* **Activity**: Leaving nothing out, print each line of the material exactly.

++++ Extracted data

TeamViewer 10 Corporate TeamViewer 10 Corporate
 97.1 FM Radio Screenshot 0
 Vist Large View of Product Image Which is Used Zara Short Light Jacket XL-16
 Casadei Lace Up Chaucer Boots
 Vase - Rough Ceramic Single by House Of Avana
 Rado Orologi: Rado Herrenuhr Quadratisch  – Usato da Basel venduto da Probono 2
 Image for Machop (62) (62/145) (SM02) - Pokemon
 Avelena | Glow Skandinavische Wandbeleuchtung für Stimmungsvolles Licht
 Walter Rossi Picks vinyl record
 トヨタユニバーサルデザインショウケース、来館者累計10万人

++++++++

* **Response area**:
TeamViewer 10 Corporate TeamViewer 10 Corporate
 97.1 FM Radio Screenshot 0
 Vist Large View of Product Image Which is Used Zara Short Light Jacket XL-16
 Casadei Lace Up Chaucer Boots
 Vase - Rough Ceramic Single by House Of Avana
 Rado Orologi: Rado Herrenuhr Quadratisch  – Usato da Basel venduto da Probono 2
 Image for Machop (62) (62/145) (SM02) - Pokemon
 Avelena | Glow Skandinavische Wandbeleuchtung für Stimmungsvolles Licht
 Walter Rossi Picks vinyl record
 トヨタユニバーサルデザインショウケース、来館者累計10万人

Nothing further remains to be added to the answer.